Le but n'est pas que les organisations de jeunesse organisent leurs voyages ou séjours pour des non-membres ou les leur vendent. » (Doc., Parlement flamand, 2001-2002, n° 1207/1, p. 5) La mesure qui consiste à exclure du champ d'application de la loi du 21 avril 1965 les organisations et associations de jeunesse définies dans la disposition entreprise est de nature à réaliser l'objectif de restauration de la sécurité juridique. Le législateur décrétal a pu considérer que ces organisations et associations n'exerçaient pas d'activité lucrative et ne pouvaient dès lors, auparavant non plus, être réputées soumises à l'obligation d'autorisation visée à l'article 1er, § 1er.

B.5.3. Enfin, la mesure n'est pas disproportionnée à l'objectif poursuivi. Seules sont exclues les organisations et associations qui organisent des voyages et séjours pour leurs membres affiliés et les leur vendent, et qui sont expressément définies dans cette disposition. L'exclusion est dès lors limitée, du fait qu'elle ne vaut que pour les organisations et associations dont l'agrément, les activités et/ou le subventionnement sont réglés par un décret, qui implique déjà des conditions spécifiques, propres au secteur, qui garantissent la qualité du fonctionnement, compte tenu des objectifs pédagogiques qui sont considérés comme non compatibles avec les conditions d'autorisation contenues à l'article 1er, § 1er, de la loi du 21 avril 1965. La mesure n'est en outre que conditionnelle du fait qu'une telle organisation ou association entrera également dans le champ d'application de l'article 1er, § 1er, à partir du moment où elle exercera une activité lucrative consistant à organiser des voyages ou des séjours pour des non-membres ou à les leur vendre.

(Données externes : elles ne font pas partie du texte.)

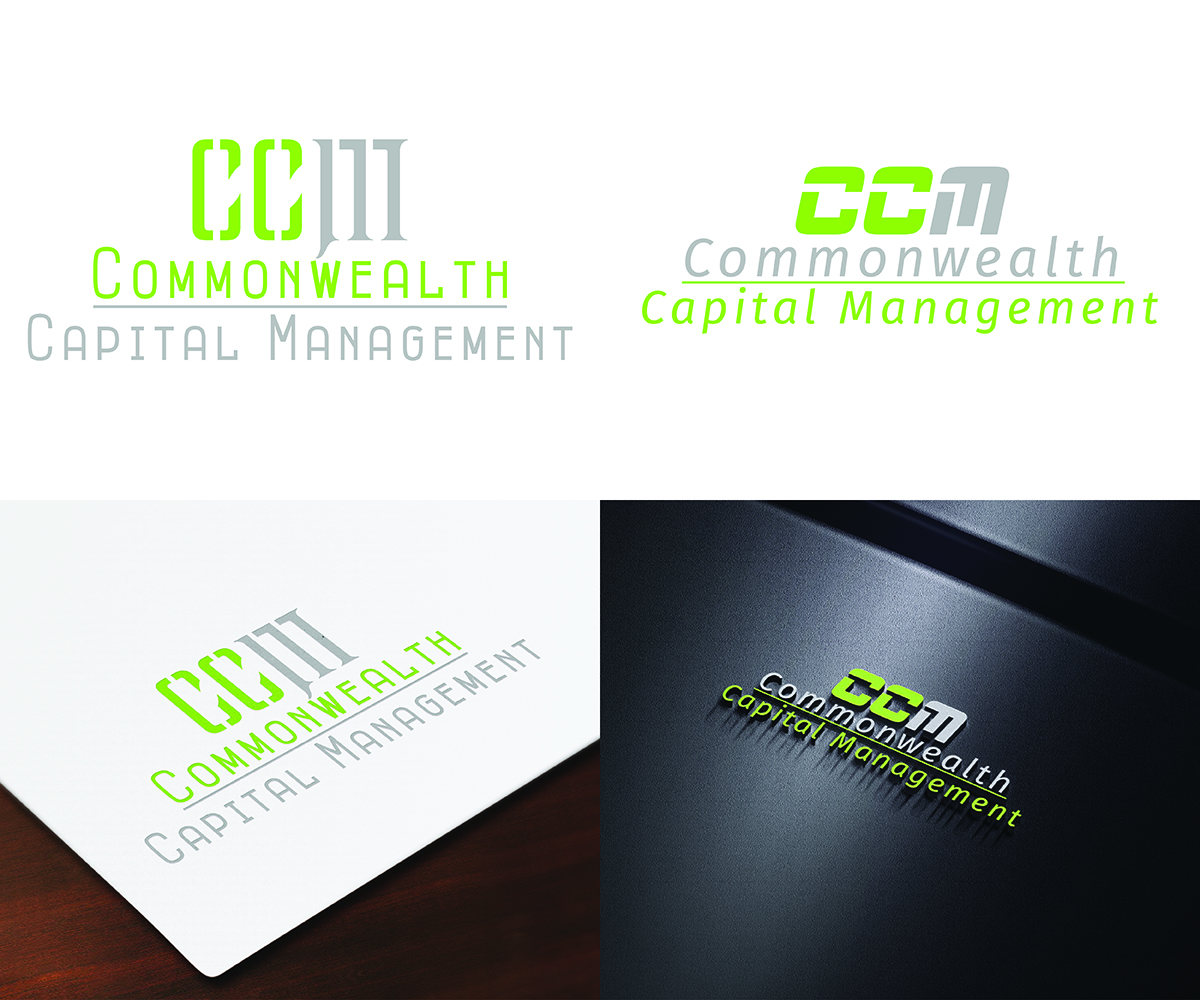 Diseño de Logo por eMARK para Commonwealth Capital Management | Diseño #12623402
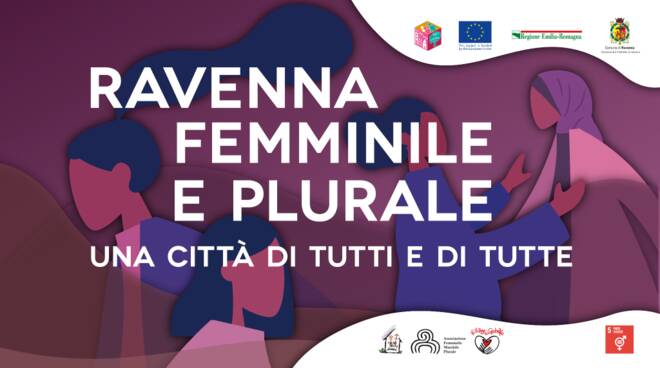 Ravenna femminile maschile plurale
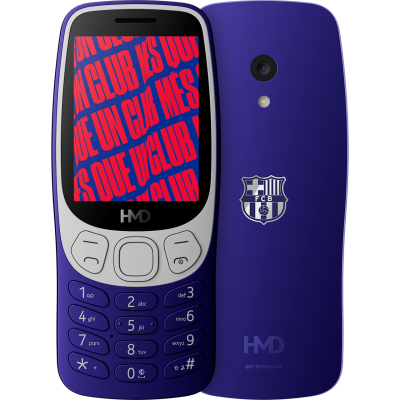 HMD Barça 3210 1GF036MPG1L01 frontAndBack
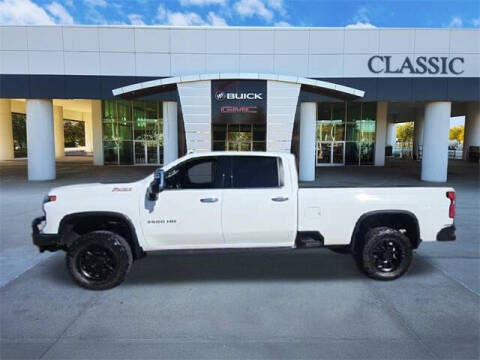 2025 Chevrolet Silverado 3500HD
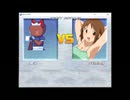 MUGENキャラ制作「トバ：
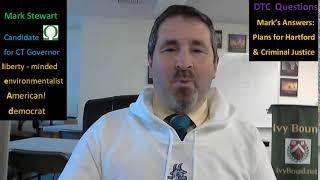 Apr12 Mark Stewart Greenstein DTC answers Hartford & Justice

B.6.1. Dans la seconde branche du moyen unique, les parties requérantes dénoncent la violation des articles 10 et 11 de la Constitution en ce qu'il est établi une différence de traitement entre des catégories de personnes comparables, à savoir les organisations et associations de jeunesse, selon qu'elles sont visées ou non aux 1° à 4° du paragraphe 4, inséré par la disposition entreprise, de l'article 1er de la loi précitée du 21 avril 1965, en ce que seules sont exclues du champ d'application de l'article 1er, § 1er, de cette loi les organisations et associations de jeunesse qui y sont visées. B.6.2. La différence de traitement entre les deux catégories d'organisations et d'associations de jeunesse repose sur un critère objectif, à savoir le fait d'être ou non soumis à un des décrets mentionnés au paragraphe 4. La différence de traitement est pertinente parce qu'il peut être admis que l'objectif pédagogique principal des organisations et associations en question, qui est incompatible avec les conditions d'autorisation visées à l'article 1er, § 1er, est avéré pour les associations dont l'agrément, les activités et/ou le subventionnement sont régis par un de ces décrets, alors que les autres organisations et associations de jeunesse, du fait de leur diversité et du fait que leur fonctionnement offre insuffisamment de garanties, ne pouvaient faire l'objet d'une définition unique.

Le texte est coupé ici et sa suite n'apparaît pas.